## Task directions
The expected response is a copy of every line in the entries below that includes the word "Photo".

───── Data provided

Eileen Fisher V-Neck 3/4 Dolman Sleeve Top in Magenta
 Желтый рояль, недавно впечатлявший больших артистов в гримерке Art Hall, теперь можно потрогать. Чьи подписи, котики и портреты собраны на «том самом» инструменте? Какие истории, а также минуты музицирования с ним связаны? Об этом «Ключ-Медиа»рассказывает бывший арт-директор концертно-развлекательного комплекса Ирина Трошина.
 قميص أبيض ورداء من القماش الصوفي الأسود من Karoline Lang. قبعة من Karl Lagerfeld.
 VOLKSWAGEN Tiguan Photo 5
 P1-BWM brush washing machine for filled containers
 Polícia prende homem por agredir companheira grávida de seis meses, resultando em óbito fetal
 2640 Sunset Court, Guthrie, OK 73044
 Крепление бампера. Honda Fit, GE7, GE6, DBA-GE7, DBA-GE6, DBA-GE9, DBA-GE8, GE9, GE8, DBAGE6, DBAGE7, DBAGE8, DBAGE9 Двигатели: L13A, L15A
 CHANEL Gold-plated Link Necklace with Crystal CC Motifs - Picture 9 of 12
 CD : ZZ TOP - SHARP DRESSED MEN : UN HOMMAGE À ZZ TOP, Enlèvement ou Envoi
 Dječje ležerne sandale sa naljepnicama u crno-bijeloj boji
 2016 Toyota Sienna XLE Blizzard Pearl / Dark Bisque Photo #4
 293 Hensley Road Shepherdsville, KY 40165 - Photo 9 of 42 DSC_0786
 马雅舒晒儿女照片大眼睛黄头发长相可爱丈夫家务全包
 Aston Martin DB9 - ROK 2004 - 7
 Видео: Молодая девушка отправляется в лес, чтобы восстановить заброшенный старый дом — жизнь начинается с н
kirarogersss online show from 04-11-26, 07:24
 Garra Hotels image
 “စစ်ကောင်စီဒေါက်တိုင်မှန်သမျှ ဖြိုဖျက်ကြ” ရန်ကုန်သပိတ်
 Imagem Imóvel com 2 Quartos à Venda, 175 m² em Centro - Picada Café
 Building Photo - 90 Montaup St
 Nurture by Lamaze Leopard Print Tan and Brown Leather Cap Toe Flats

──────────

## Task response
 VOLKSWAGEN Tiguan Photo 5
 2016 Toyota Sienna XLE Blizzard Pearl / Dark Bisque Photo #4
 293 Hensley Road Shepherdsville, KY 40165 - Photo 9 of 42 DSC_0786
 Building Photo - 90 Montaup St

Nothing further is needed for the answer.